Buen Camino, partenza su strada asfaltata, la sola cosa da fare è andare, camminare senza misurare il tempo, difficile da raccontare.
Tutto sommato tutte le giornate di Camino sono andate bene, più facili del previsto ma penso sia solo una questione di aspettative.
Tutti descrivono diversi tratti come “impegnativi” quando non è nulla di più di una tranquilla passeggiata di salute.
In circa mezz’ora arriviamo sull’alto de Atapuerca  e dal colle si vede l’estesa valle di Riopico, la città di Burgos, patrimonio dell’Unescu.

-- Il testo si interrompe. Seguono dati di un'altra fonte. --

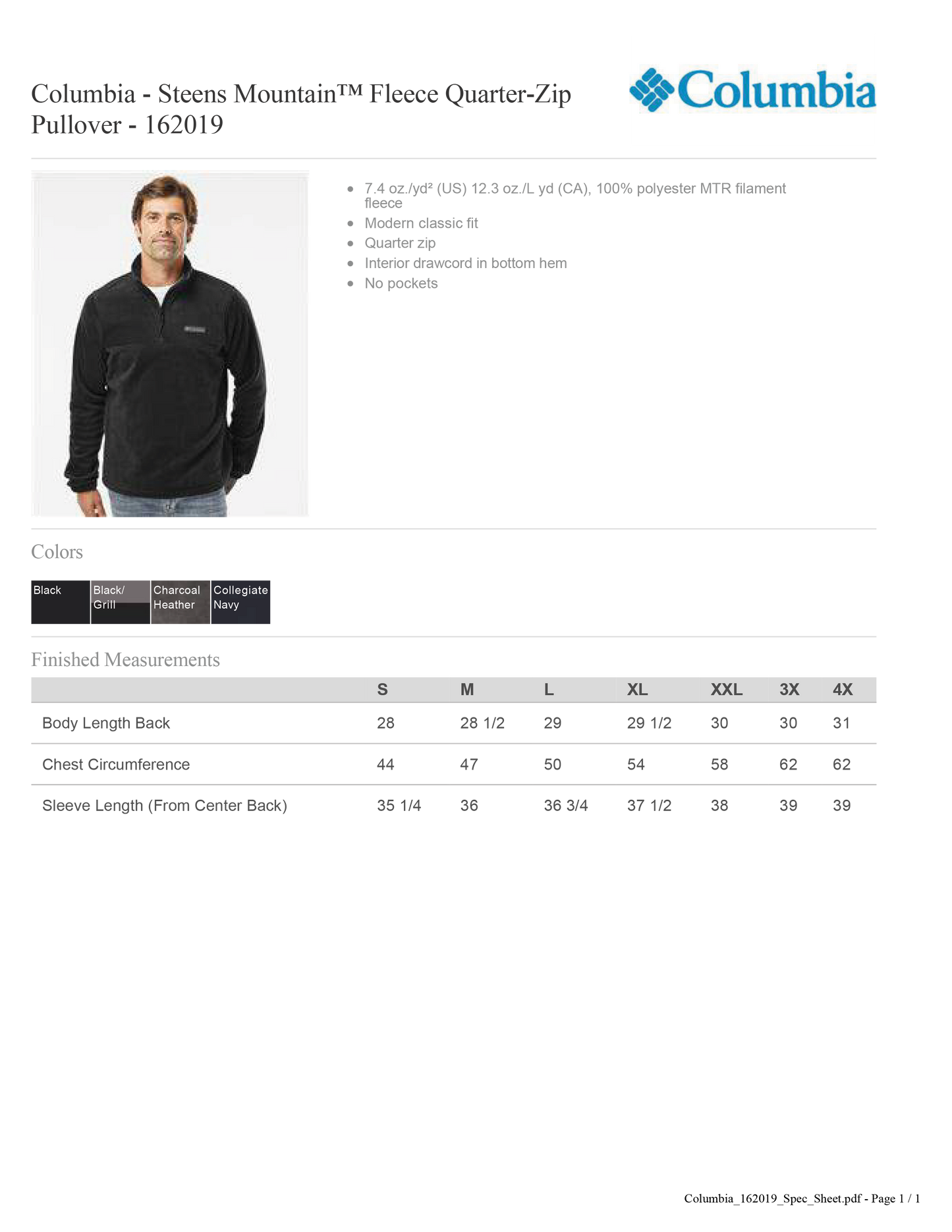 Men's Quarter Zip Fleece Pullover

Il caos cittadino, camminare di fianco ad un aereoporto e cinque chilometri di zona industriale mi complicano le cose, chiediamo informazioni per la cattedrale dove nelle vicinanze c’è la cosiddetta Casa del Cubo, un moderno ed efficiente albergue municipale per pellegrini.
Un passante ci spiega come arrivare all’albergue, dopo aver fatto una doccia e il bucato e gli acquisti per la colazione, ci rechiamo a visitare la cattedrale con interni rinascimentali e barocchi dove sono conserevate le spoglie di El Cid Campeador.
 
Buen Camino, ormai ho preso un ritmo costante.

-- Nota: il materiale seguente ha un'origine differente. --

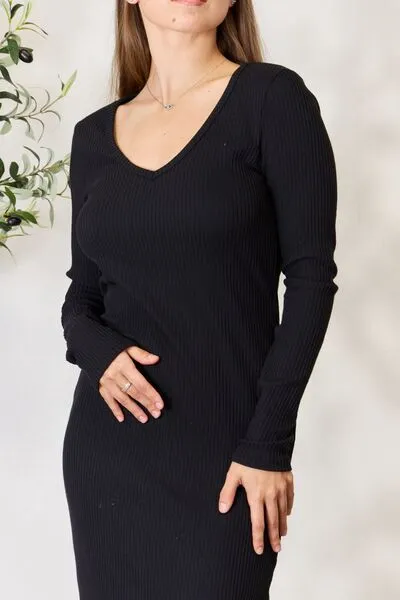 Seren Full Size Ribbed Long Sleeve Midi Slit Dress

Al mattino sveglia alle cinque e mezzzo, in bagno per l’igiene personale, si completa lo zaino, ci si mette gli scarponi  fuori dalle camerate, si fa colazione e alle sei, sei e mezzo si parte.

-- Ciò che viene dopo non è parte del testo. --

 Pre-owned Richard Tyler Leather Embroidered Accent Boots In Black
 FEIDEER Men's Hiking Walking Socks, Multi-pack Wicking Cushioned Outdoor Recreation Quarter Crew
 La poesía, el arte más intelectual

Dopo un’oretta appare un bel sole e via via che mi allontano da Burgos intravedo un paesaggio lineare.
Le valli, le colline e l’immense montagne dei Pirenei sono un ricordo, sono nelle mesetas, termine che in spagnolo significa altopiani.
Sono spazi dall’aspetto desertico, lievemente ondulati separati da tranquille valli dove il giallo e l’azzurro separano la terra dal cielo e sono i colori dominanti.
Attraversando questi luoghi senza vedere nulla all’orizzonte provo un senso di incredibile libertà e cerco di dare un senso a quello che sto facendo.
Il sole non mi dà tregua, non c’è un solo albero per avere un pò d’ombra, l’unico refrigerio è l’acqua che bevo a piccoli sorsi con più frequenza.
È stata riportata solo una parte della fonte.